La guerra in Siria dura ormai da otto lunghi anni, ha registrato oltre 310mila morti e 11.4 milioni di persone sono state costrette a fuggire per trovare un rifugio sicuro in altre nazioni sin dall’inizio del conflitto nel marzo 2011.

L’Onu, a giudicare dall’appello delle varie agenzie e dei vari funzionari, sembra vedersi le mani legate. Al momento un dibattito sull’effettiva utilità di un’organizzazione di tale grandezza e centralità nelle politiche mondiali, è del tutto inutile, anzi non auspicabile. Tuttavia è innegabile che serve un forte cambiamento.

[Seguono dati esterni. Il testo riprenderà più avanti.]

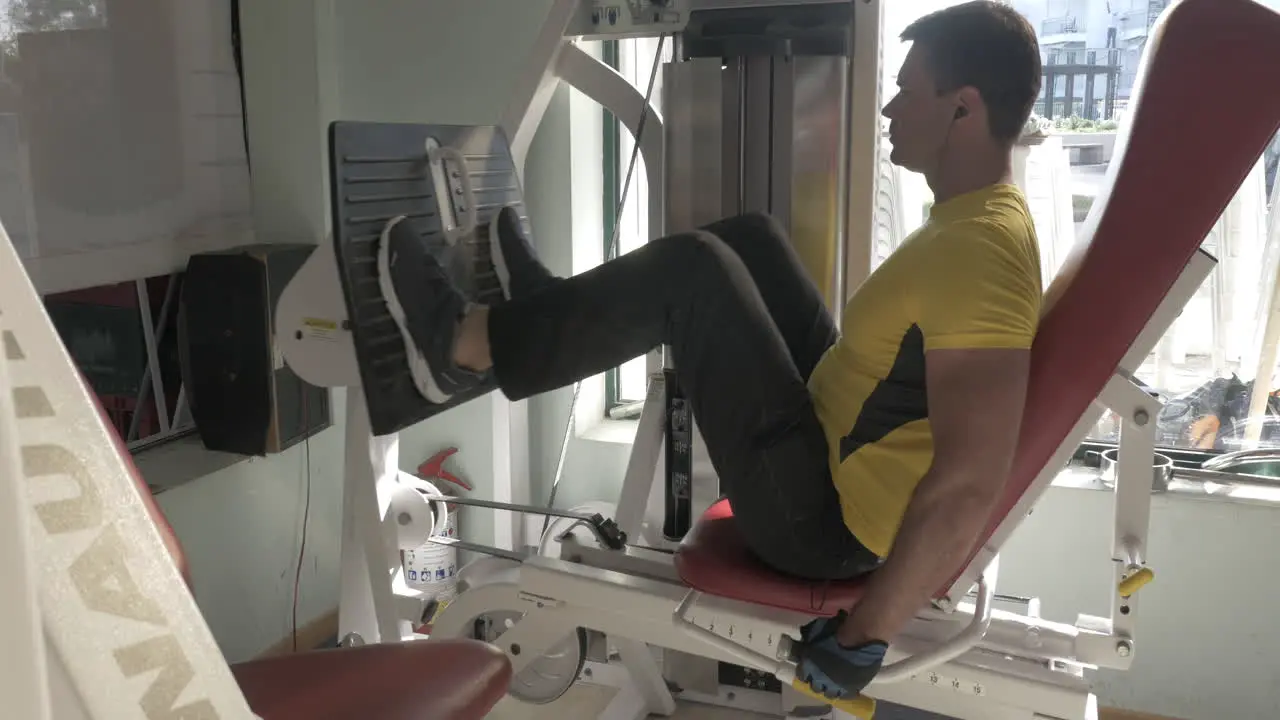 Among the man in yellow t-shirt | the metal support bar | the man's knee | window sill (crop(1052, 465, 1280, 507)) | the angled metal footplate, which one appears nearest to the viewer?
the man in yellow t-shirt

Tale cambiamento, secondo le agenzie Onu, può venire solo dalle grandi potenze mondiali. Infatti, i responsabili delle agenzie Onu che si occupano delle crisi umanitarie, degli aiuti alimentari, delle condizioni sanitarie e dello status dei rifugiati e dei bambini nelle zone di guerra hanno riconosciuto che nella gestione della situazione siriana la comunità internazionale ha fallito. Sotto gli occhi della comunità internazionale costantemente divisa da questioni ideologiche che arenano i tentativi mirati alla soluzione della crisi, si sta consumando la distruzione materiale e umana della tera siriana. Per cui, adesso si necessita dell’aiuto di altre entità, politiche.